Work item:
From the opening line of the records through the line bearing "A.X.E.: Judgment Day (2022) #2 (Variant)", set down every line exactly.

Excerpts from a dataset:
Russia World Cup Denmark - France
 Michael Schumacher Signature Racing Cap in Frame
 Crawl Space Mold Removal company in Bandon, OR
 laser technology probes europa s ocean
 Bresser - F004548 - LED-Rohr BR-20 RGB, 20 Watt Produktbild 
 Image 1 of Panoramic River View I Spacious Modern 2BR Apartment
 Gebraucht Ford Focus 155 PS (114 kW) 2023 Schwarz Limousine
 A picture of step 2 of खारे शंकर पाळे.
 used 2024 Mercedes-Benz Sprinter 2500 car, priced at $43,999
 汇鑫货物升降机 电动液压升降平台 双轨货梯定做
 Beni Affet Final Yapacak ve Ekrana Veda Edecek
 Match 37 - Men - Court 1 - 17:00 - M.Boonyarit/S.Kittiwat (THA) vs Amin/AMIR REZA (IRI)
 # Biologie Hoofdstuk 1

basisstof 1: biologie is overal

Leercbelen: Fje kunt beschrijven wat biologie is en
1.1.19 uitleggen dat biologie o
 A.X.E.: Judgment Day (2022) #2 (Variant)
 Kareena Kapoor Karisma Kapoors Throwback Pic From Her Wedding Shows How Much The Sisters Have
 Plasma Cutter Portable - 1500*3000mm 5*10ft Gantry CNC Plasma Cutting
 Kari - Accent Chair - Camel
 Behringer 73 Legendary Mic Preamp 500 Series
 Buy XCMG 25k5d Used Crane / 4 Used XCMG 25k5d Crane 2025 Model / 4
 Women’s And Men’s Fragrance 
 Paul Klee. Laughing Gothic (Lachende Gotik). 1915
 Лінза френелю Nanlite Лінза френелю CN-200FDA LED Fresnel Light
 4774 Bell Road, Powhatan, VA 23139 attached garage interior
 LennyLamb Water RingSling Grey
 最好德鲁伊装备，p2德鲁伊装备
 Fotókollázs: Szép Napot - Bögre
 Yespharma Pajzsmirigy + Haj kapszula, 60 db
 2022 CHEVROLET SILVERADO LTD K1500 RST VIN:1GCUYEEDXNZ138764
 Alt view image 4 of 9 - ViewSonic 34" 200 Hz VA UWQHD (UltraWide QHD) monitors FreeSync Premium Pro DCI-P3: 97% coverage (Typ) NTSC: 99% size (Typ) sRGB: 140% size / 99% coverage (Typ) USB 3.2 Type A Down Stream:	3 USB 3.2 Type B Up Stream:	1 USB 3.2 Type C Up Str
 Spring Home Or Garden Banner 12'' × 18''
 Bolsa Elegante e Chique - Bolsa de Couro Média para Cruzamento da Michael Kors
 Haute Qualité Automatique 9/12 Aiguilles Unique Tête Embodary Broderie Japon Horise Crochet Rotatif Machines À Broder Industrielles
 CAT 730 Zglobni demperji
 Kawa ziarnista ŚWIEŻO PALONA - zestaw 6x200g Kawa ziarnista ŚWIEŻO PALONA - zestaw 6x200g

Output below:
Russia World Cup Denmark - France
 Michael Schumacher Signature Racing Cap in Frame
 Crawl Space Mold Removal company in Bandon, OR
 laser technology probes europa s ocean
 Bresser - F004548 - LED-Rohr BR-20 RGB, 20 Watt Produktbild 
 Image 1 of Panoramic River View I Spacious Modern 2BR Apartment
 Gebraucht Ford Focus 155 PS (114 kW) 2023 Schwarz Limousine
 A picture of step 2 of खारे शंकर पाळे.
 used 2024 Mercedes-Benz Sprinter 2500 car, priced at $43,999
 汇鑫货物升降机 电动液压升降平台 双轨货梯定做
 Beni Affet Final Yapacak ve Ekrana Veda Edecek
 Match 37 - Men - Court 1 - 17:00 - M.Boonyarit/S.Kittiwat (THA) vs Amin/AMIR REZA (IRI)
 # Biologie Hoofdstuk 1

basisstof 1: biologie is overal

Leercbelen: Fje kunt beschrijven wat biologie is en
1.1.19 uitleggen dat biologie o
 A.X.E.: Judgment Day (2022) #2 (Variant)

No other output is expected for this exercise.